IDEAS

BEYONCE AND THE REMAKING OF THE DIVA

a reflection on divas, class, race and a dying cultural narrative

By Immi Hill

That's our Star!
I’m going to start with a magic trick. So read carefully and don’t blink. Before you finish this essay, I’m going to make a major cultural narrative disappear before your eyes and replace it with a new one. I’ve warned you, it’s going to happen if you read on, and you’re going to want to read on because this is going to be about race and class and perfection and something we might call diva-ism.

Hello, Beyoncé!

Now, I’m not going to go on and on about how much I love Beyoncé; instead, I’m going to ask why? Why do I love this woman so much? Why her and why do so many feel the same as I do? I could say that I grew up in an inner-city community in a single parent household, but that wouldn’t come close to explaining the effect that Beyoncé has on me and clearly wouldn’t explain the unique hold she has on the general public who all have radically different upbringings from mine and each other. I’m not discounting my background. I’d like to think that the culture follows me and my desires, but as I’ll explain later it’s only part of the answer and is much more complex.

Always Beautiful
Let’s start out with an interesting fact. Inner-city women adore Beyoncé, but she is not urban at all. She’s an upper-middle class suburban girl from one of the many outlying communities around Houston, Texas. Here is a performer whose most loyal and adoring fans are at social and cultural odds with her. She is a representative of inner city black women and the only real connection she has with them is that she’s black. Now that used to mean a lot, in fact meant everything in America for African-Americans no matter their class, education and economic status, but as the most virulent aspects of racism have waned, identification has become more complex. In recent years the African-American community has fractured and split between the haves and the have-nots, just like white Americans. Eugene Robinson’s Disintegration is an attempt to catch this new reality for African-Americans. What’s clear is that you can no longer count on instant solidarity and yet that’s what Beyoncé has. The question is how does she overcome these new barriers with such ease and how does she stay real or, better put, stay relatable.

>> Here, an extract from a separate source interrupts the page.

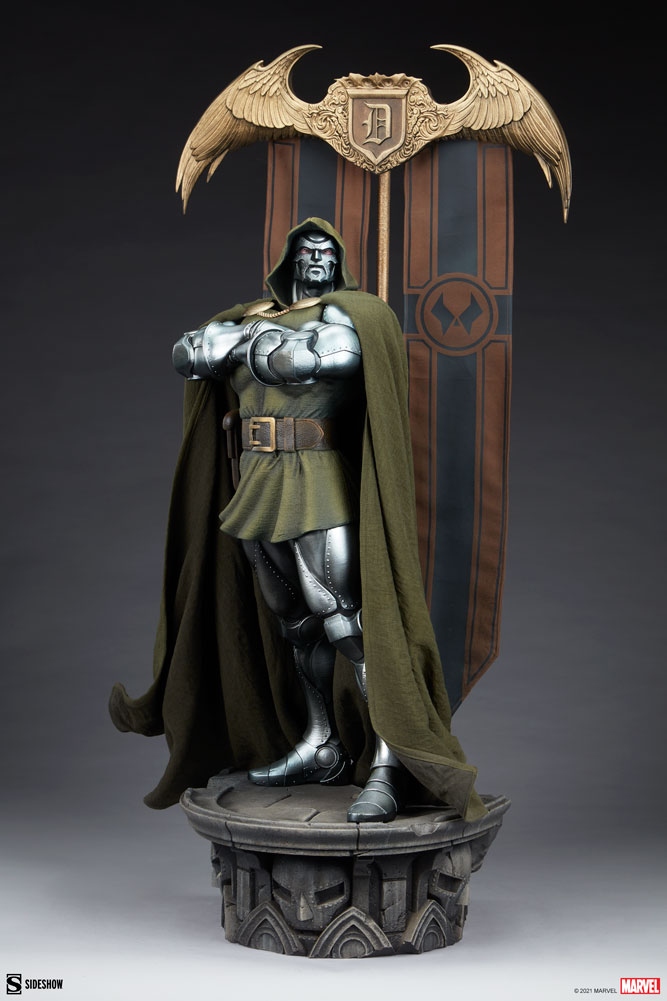 DOCTOR DOOM Maquette Doctor-doom_marvel_gallery_60f9fec59b017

The secret lies in her perfection. There is something unreal about her perfection; of course, the idea of perfection is unreal itself! Still, Beyoncé is almost impossibly perfect. Her name rolls off the tongue with ease, it’s just French enough to be classy instead of crass. Imagine if her parents had named her Gertrude. She can sing, dance and on some occasions act (Austin Powers and Dreamgirls). Her public demeanor is calm, even when Kyane West is going nuts at the MTV awards on her supposed behalf. Again, her manner is not very urban streets, where her most rabid fan base comes from. She possesses and seems to fully inhabit perfect etiquette. In many ways, she is the perfect role model and beautiful in too many ways to count.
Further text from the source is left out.